Luckily, the day’s journey wasn’t nearly as brutal on the ICW as the previous day’s trip on the ocean. The sun was out, there were dolphins swimming around the boat, the cats started looking happy again (even Celia made a rare venture out on deck), and we managed to eke into The St. Marys River at 12:45 pm with potatoes boiling on the stove and about 40 anchored boats in view.
As the story goes, St. Marys’ Thanksgiving potluck tradition began 12 years ago when a group of cruisers pulled into the river to wait out a nor’easter. When they started looking for ways to celebrate Thanksgiving together, a local sailor named Charlie Jacobs offered to cook up a turkey for the cruisers, and the owners of the Riverview Hotel offered up their restaurant lounge so everyone could gather there.
And ever since, this tradition has continued, still hosted by the Riverview Hotel and its owners Jerry and Galia Brandon, bringing hundreds of cruisers from nearby and afar together each year to celebrate.

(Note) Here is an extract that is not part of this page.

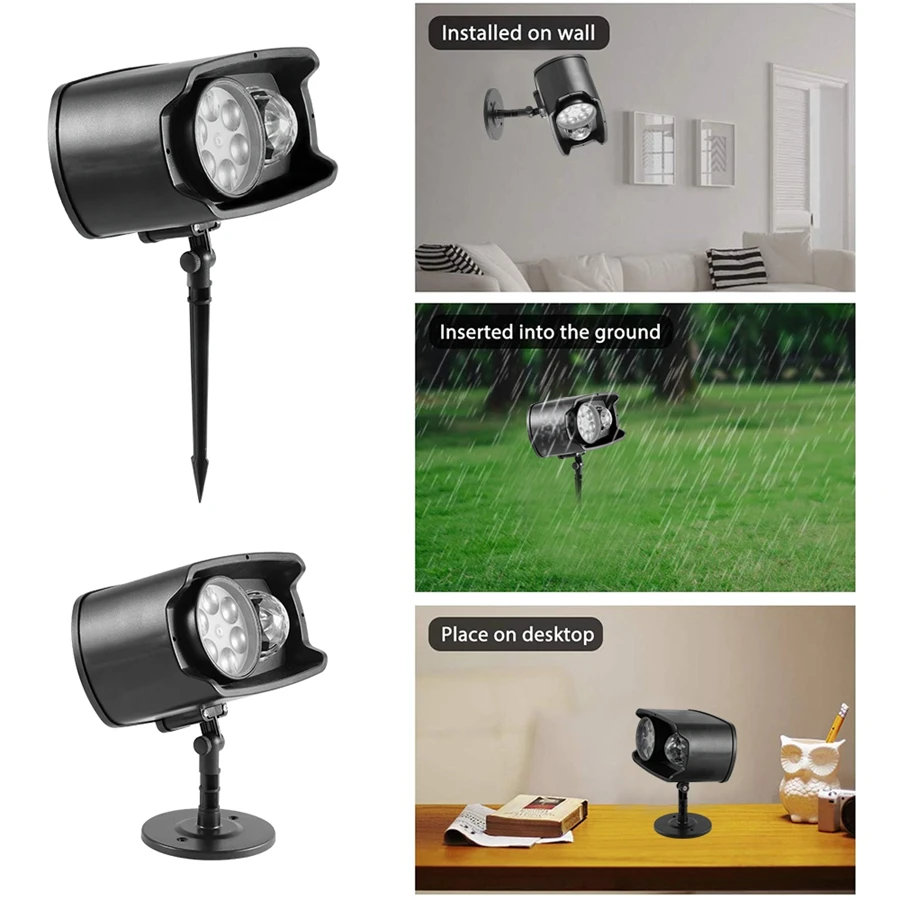 13 Вт Рождественский светильник проектор с анимационным эффектом IP65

For us, Thanksgiving was made particularly special not only because we got to meet so many cruisers in one place, but because we got to meet up with so many cruising couples our age, with whom we stretched the restaurant’s patience by staying long after clean-up, gabbing away about our experiences and our plans. And then, deciding we weren’t quite done with each others’ company, we created an impromptu, moving after-party that involved boat-hopping in our dinghies from shore to Rode Trip to Serendipity to Hideaway. In the process, we managed to empty all three boats’ liquor stashes, pick up Scott and Kim from Anthyllyde, convince Matt on Serendipity they should adopt a cat, make macaroni-and-cheese for 10 people and discover that our wee little Catalina 34 is actually a lot roomier than it looks.
And, funnily enough, at no point in the evening did anyone acknowledge that it was Thanksgiving or attempt to announce what they were thankful for on this day.
Maybe the holiday itself wasn’t important to note, or maybe, like me, those around me didn’t feel the need to remind themselves out loud what they had to be thankful for.
On this particular Thanksgiving Day, we were living life as though we were nothing but thankful for every day we had. And it seemed as though we were all so obviously grateful to be together at that time, in that place, and at this time in our lives.
Perhaps “thanks” just didn’t need to be said. It was simply felt very deeply.